Ünlü avukat Ali Cahit Polat aşağıda ilk kısmını yayınladığımız metni bize göndermiş. Önemine binaen aynen alıntılıyoruz:

BOŞANMA
Evliliklerin azaldığını boşanmaların arttığını istatistik verileri teyit etmektedir. Boşanmanın telafisi imkansız sonucu aile koruması ve disiplininden mahrum kalan çocuklardır. Dağılan aile ortamında çocuk; sağlık ve eğitimi başta olmak üzere sosyal gelişimini tamamlayamamaktadır. Suça ve suç örgütlerine katılma, uyuşturucuya bağımlılık ile her türlü istismara uğrama ihtimalini artırmaktadır.

Kadınlar lehine yapılan yeni devrim yasaları boşanmayı kadınlar adına cazip hale getirmiştir. Anayasanın 10. maddesinde yapılan değişiklikle kadınlar lehine P0ZİTİF AYRIMCILIK ilkesi kabul edilmiştir. Böylece yasalarda yapılan düzenlemeler karşısında eşitlik ilkesine aykırılık iddiasında bulunma hakkı da ortadan kalkmaktadır.

Medeni Kanun’da edinilmiş mallara ortaklık rejimi, maddi-manevi tazminat kararları, velayet, nafaka, aile konutu uygulaması ile 6284 sayılı Ailenin Korunması ve Kadına şiddetin önlenmesine dair kanun kapsamında erkeği/babayı evden (aileden) uzaklaştırma hakları boşanmayı kadınlara cazip hale getirmiştir.

Yeni yasaların verdiği haklarla boşanma davası açan bir kadın; ayrı yaşama hakkını kazanırken eşini evden uzaklaştırarak (6284 sayılı Ailenin Korunması ve Kadına şiddetin önlenmesine dair kanun kapsamında 2014 verilerine göre sadece İstanbul’da 54.000 baba/erkek hakkında evden uzaklaştırma kararı verilmiştir), tüm malların yarısını almakta, çocukların (isterse) velayetini de alarak, maddi ve manevi tazminat, nafaka kararları ile aile birliği içerisinde ulaşamadığı özgürlük ve zenginliğe kavuşmaktadır.

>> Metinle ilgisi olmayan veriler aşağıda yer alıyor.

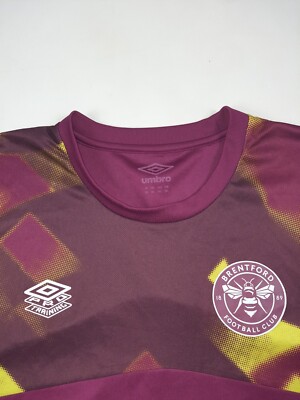 BRENTFORD UMBRO 2022-2023 SEASON WARM UP TRAINING SHIRT JERSEY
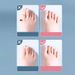 2 Stück Silikon-Zehenspreizer für Finger, Füße, Zehenspreizer, Hallux Valgus, Bunion Corrector, Zehenglätter, Korrektor für Fingerseparatoren_voghion.com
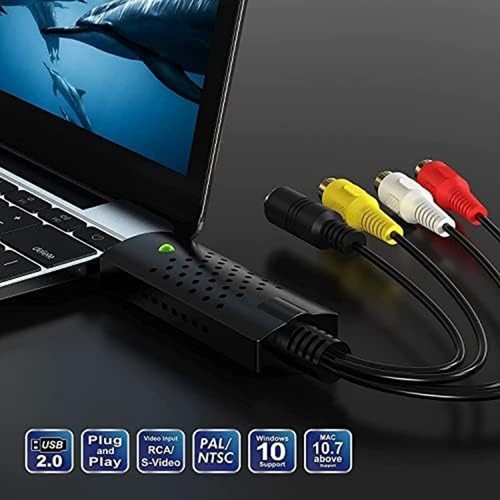Carte d'Enregistrement Vidéo USB, Grabber Convertisseur Audio-Vidéo pour USB, Converti7709 - Photo 5/6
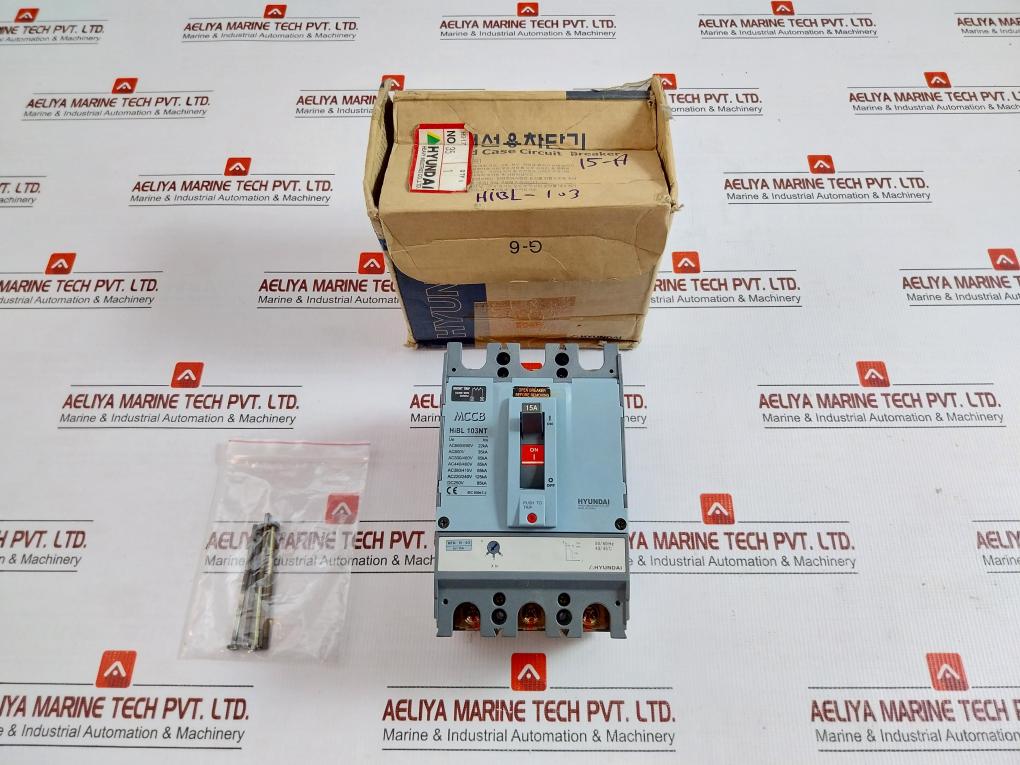 Hyundai Molded Case Circuit Breaker Ac200-230v 50/60hz Hibl 103nt In New
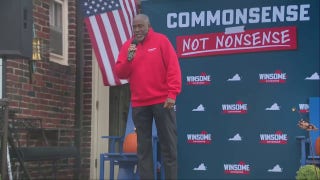 Terence Sears stumps in wife's stead in Montgomery County, Virginia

Boşanma davalarında elde edilen sonuçlar yazılı/ sözlü medyada parlatılarak sunulduğundan cazibesi karşısında kadınlar potansiyel olarak boşanmaya meyilli olmakta, kocasına karşı tehdit unsuru olarak kullanmaktadırlar. Sonuçları halen tespit edilmemekle beraber dul/bekar zengin bir kadın sınıfı doğmaktadır.

VELAYET
Medeni Kanun’da“Kişilik, çocuğun sağ olarak tamamıyla doğduğu anda başlar ve ölümle sona erer.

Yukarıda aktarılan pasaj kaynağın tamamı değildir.